2023-01-23T16:22:44.031+0100 [DEBUG]: Locking "azurerm_virtual_network.vnet" with mutex 0xc000496000: timestamp=2023-01-23T16:22:44.031+0100
2023-01-23T16:22:44.031+0100 [DEBUG]: Locked "azurerm_virtual_network.vnet" with mutex 0xc000496000: timestamp=2023-01-23T16:22:44.031+0100
...
2023-01-23T16:22:48.148+0100 [DEBUG]: Unlocking "azurerm_virtual_network.vnet" with mutex 0xc00024cfa0: timestamp=2023-01-23T16:22:48.148+0100
...

At first i thought it was because I put the virtual hub connection inside a module but the issue still arise with just the resources directly in the files too.

As I am not used to the inner workings of the provider I think I will not be able to understand how the mutex system is working alone.

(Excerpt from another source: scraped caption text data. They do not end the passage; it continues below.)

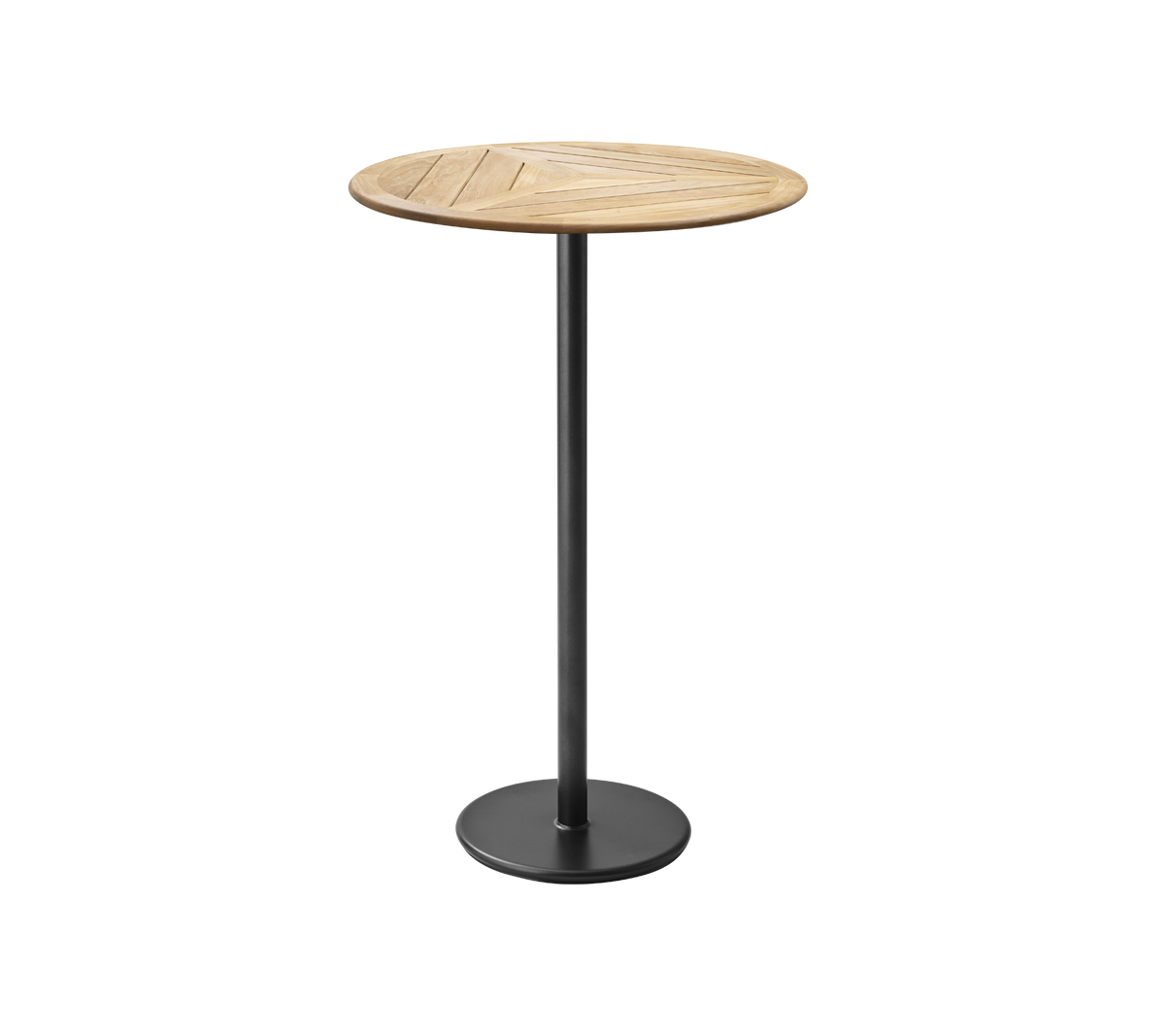 Rond houten tafel met een lattenblad, ondersteund door een slanke zwarte metalen voet. Ideaal voor informele diners of sociale bijeenkomsten.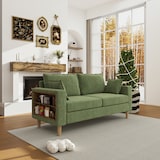 thumbnail of Zweisitzer-Sofa Chenille Olivgrün 173x68x77 cm mit Stauraum, Getränkehaltern, Seitentaschen und 2 Rückenkissen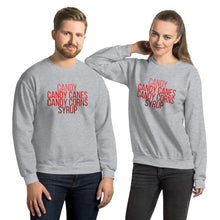 Load image into Gallery viewer, Candy candy canes, candy corns, syrup Unisex Sweatshirt, christmas shirt, buddy the elf shirt, punny shirt, holiday shirt
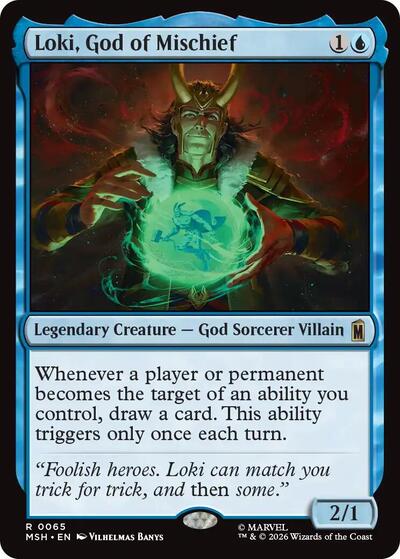 Loki, God of Mischief MSH #65 (Near Mint Rare) Magic: The Gathering: Marvel Super Heroes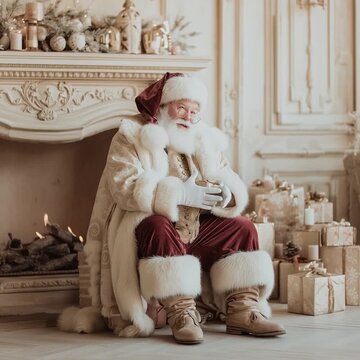 santa claus sitting near a cozy fireplace with small gifts, warm beige and gold tones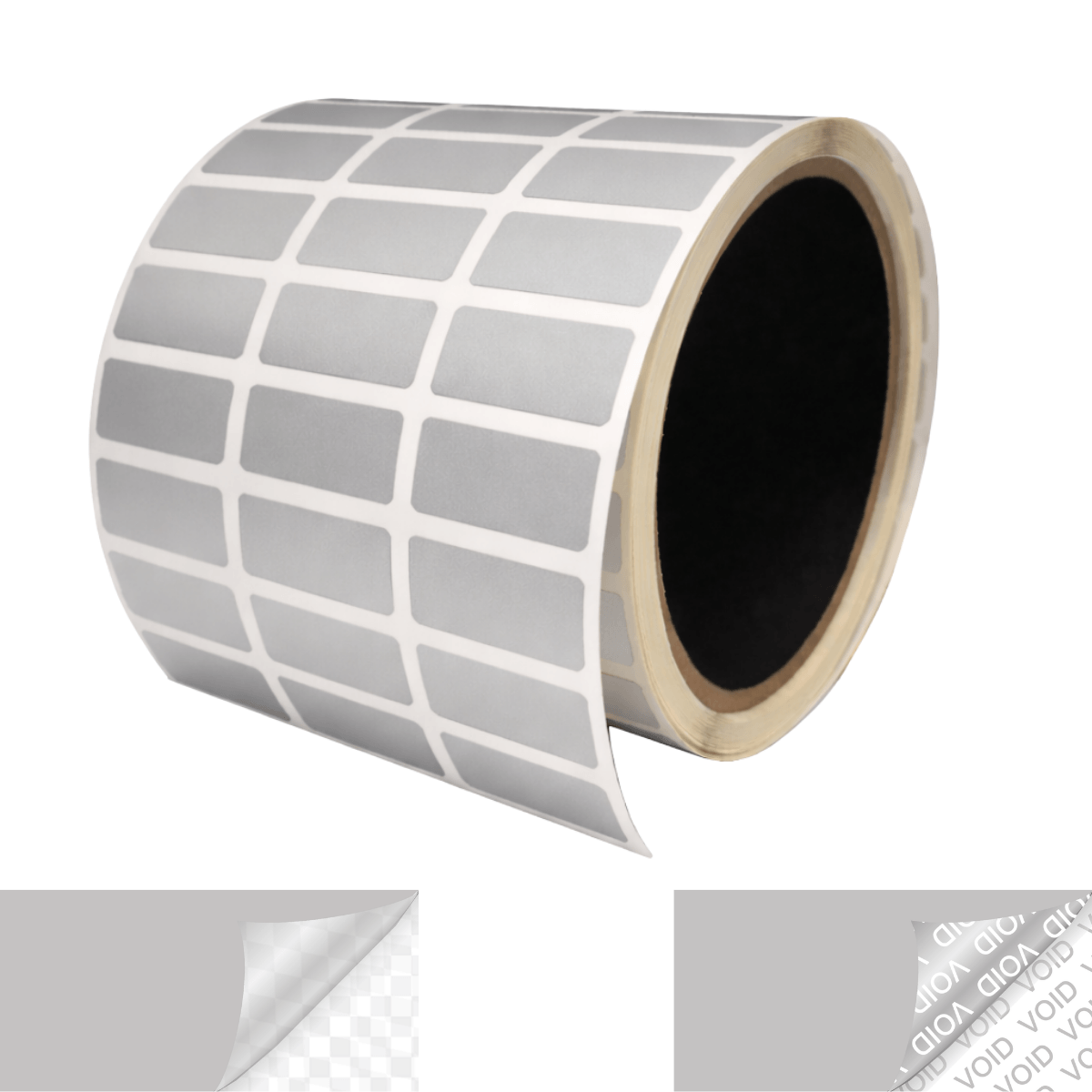 250 TamperVoidPro® Silver Matte Tamper-Evident Security Labels Seal Sticker, Rectangle 0.1" x 0.5" (25mm x 13mm).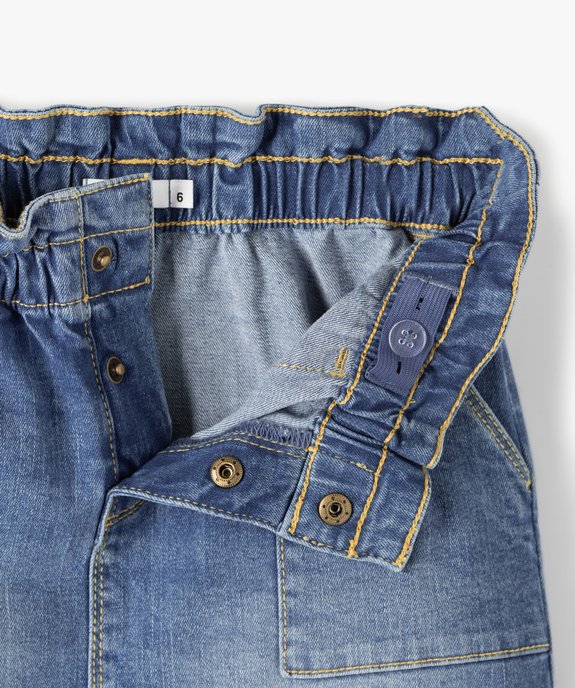 Jupe fille en jean avec taille froncée vue4 - GEMO 4G FILLE - GEMO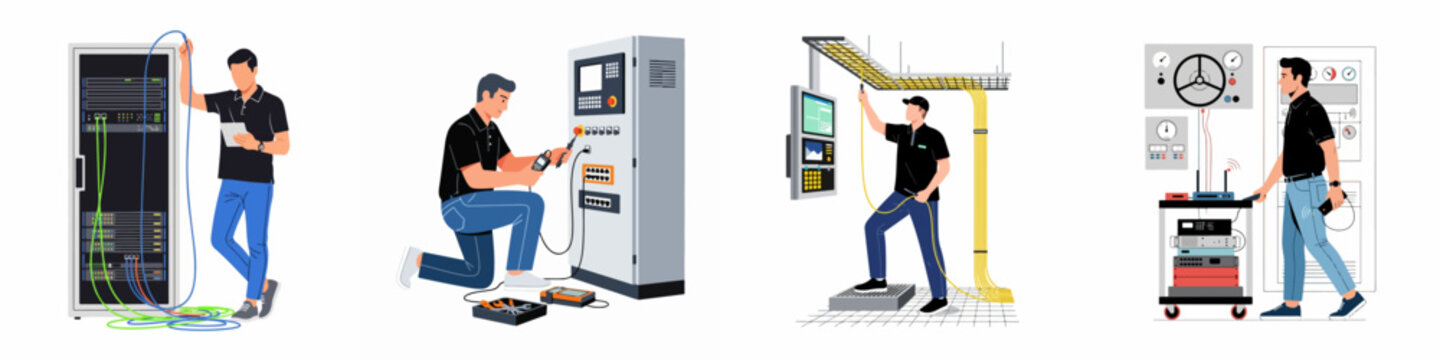 Professional technicians and IT specialists working on server racks and industrial control panels in various technical environments, flat vector illustration.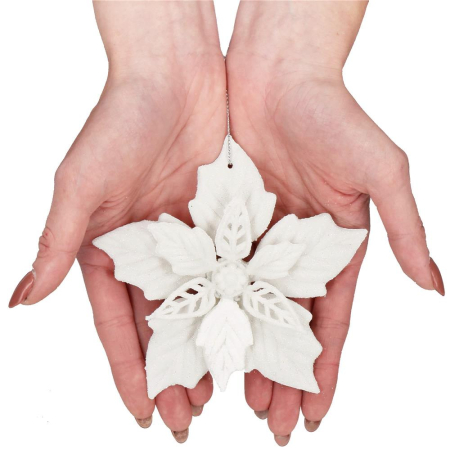 Set 10 flori de Craciun 12 cm, ornamente cu sclipici, plastic, alb [10]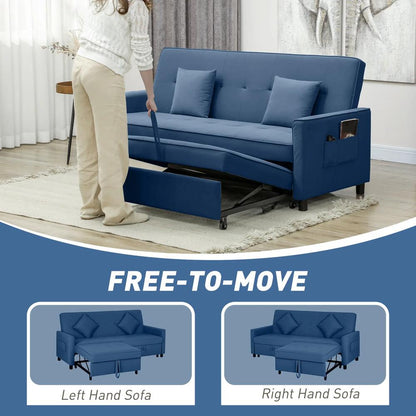 HOMCOM Three-Person Velvet-Feel Sofa Bed Additional View 5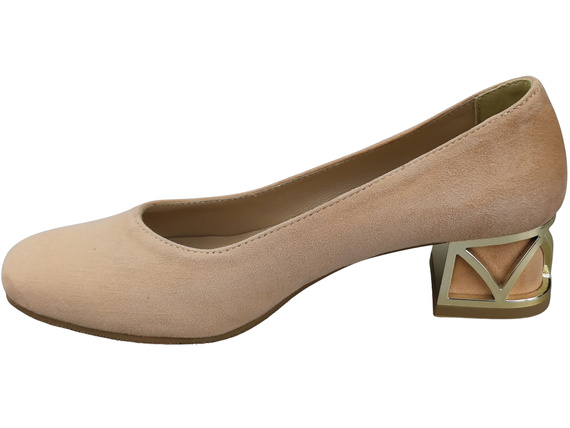 Comfortable Women's Shoes Pumps with Decorative Heel Natural Suede Leather 219 From ElitaBut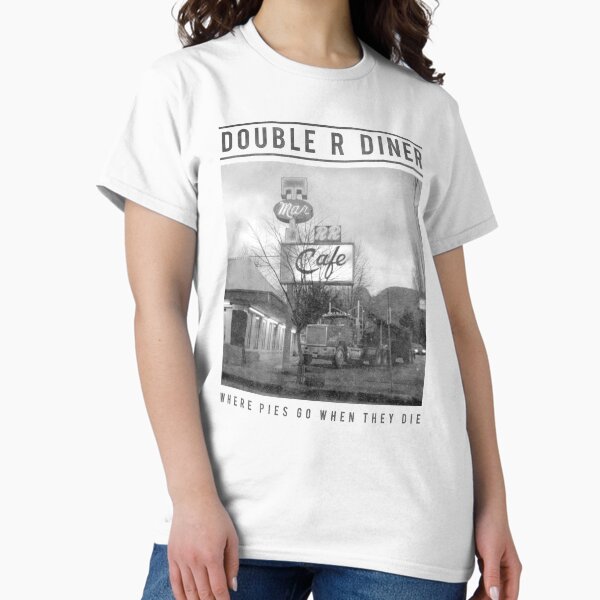Vista previa del artículo con la obra «Twin Peaks Double R Diner Donde los pasteles van a morir Logotipo retro», diseñado y vendido por FifthSun.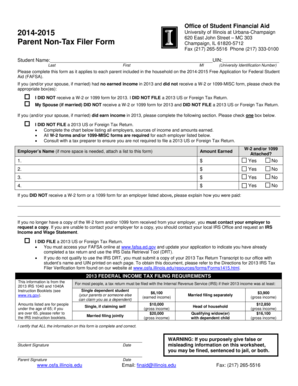 Parent Non-Tax Filer Form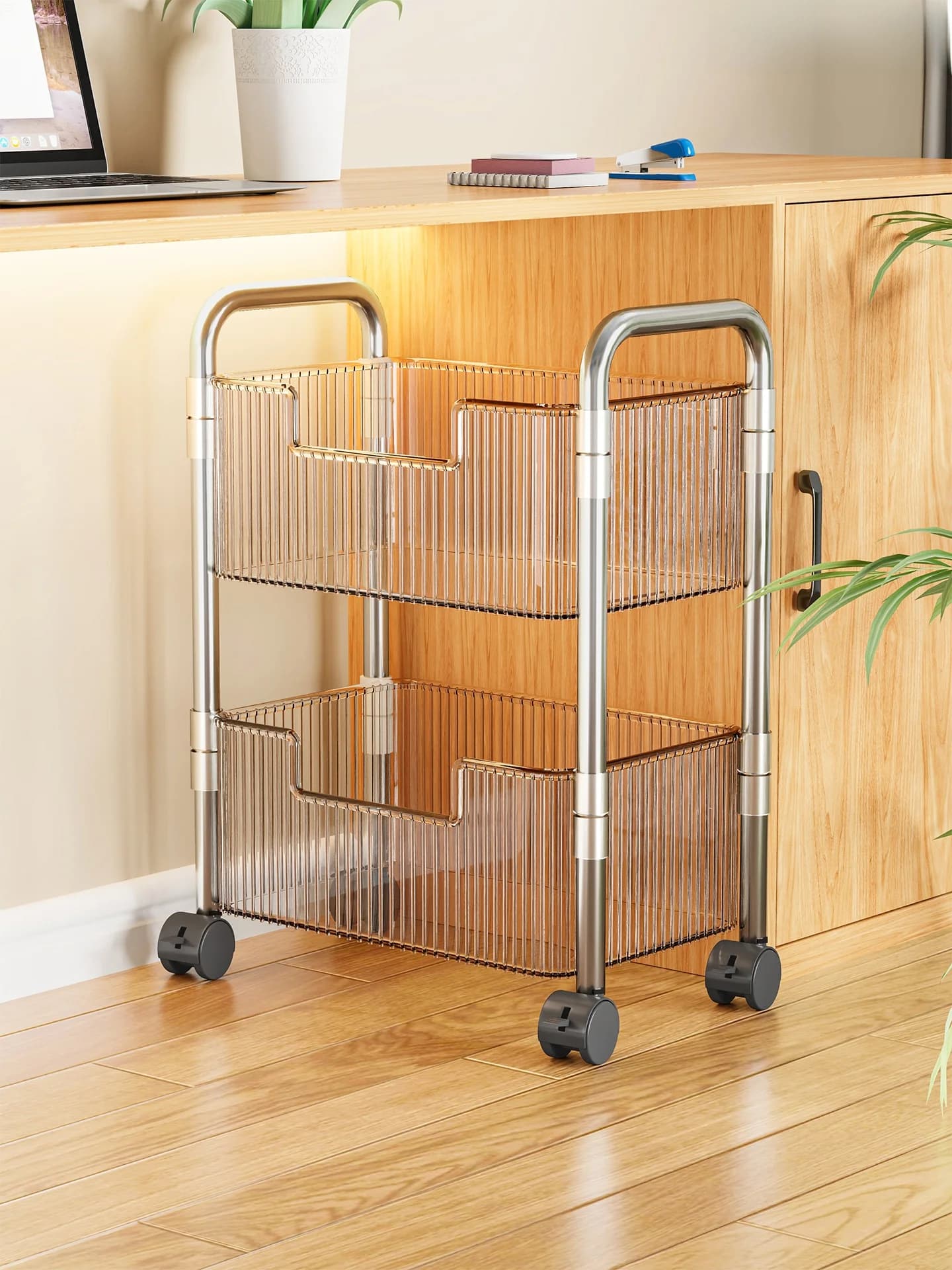 Carrello porta libri in acrilico multi-strato mobile da sotto tavolo, scaffale organizer per la casa
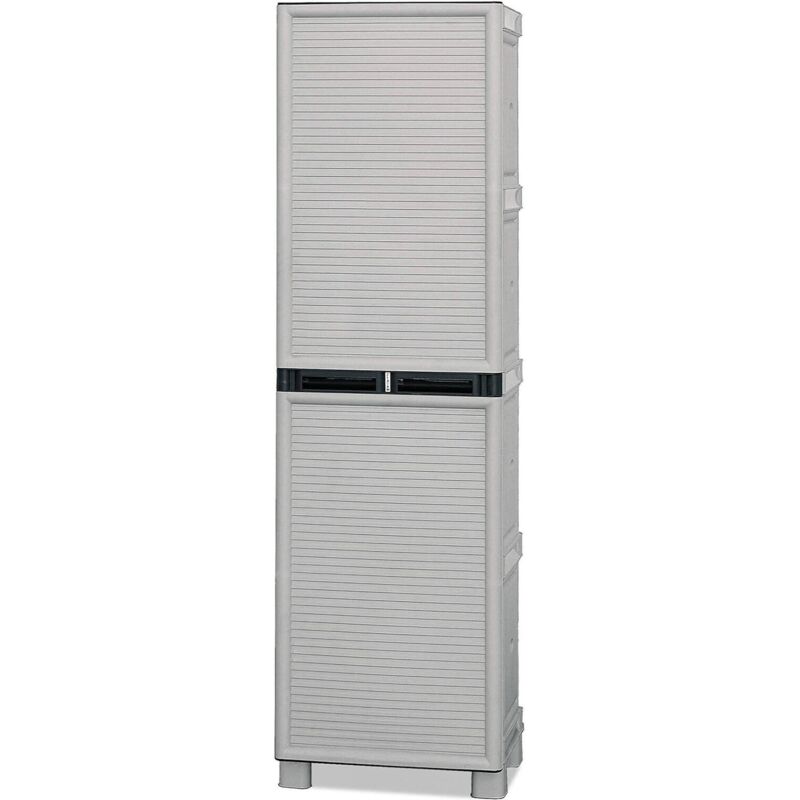 foto del prodotto armadio da spogliatoio per esterno o interno, mobile a 1 anta e 2 ripiani in polipropilene, 100% made in italy, cm 50x39h172, colore grigio chiaro, con imballo rinforzato - dmora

Can you help me figure out why two mutexes are created?

[aurel333]

Continuing with the testing, I have done a test build with the option -parallelism=1 and again I got two different mutexes for the subnet creation and the virtual hub connection.

This does not confirm the hypothesis that there is one mutex per provider but goes very strongly in this direction. If this is true then it is a troublesome issue as the provider instantiation seems to be done by the Terraform core once per provider (which makes sense by the way) and using two or more providers is required to work on multiple subscriptions.

So this means that any cross subscription peering or virtual hub connection is at risk of ending in error if another operation that locks the virtual network is done at the same time (typically a subnet creation or a peering to a different subscription).

Such a risk is either a bug or should be documented somewhere. I can write the documentation but I need first a confirmation that this is not considered a bug.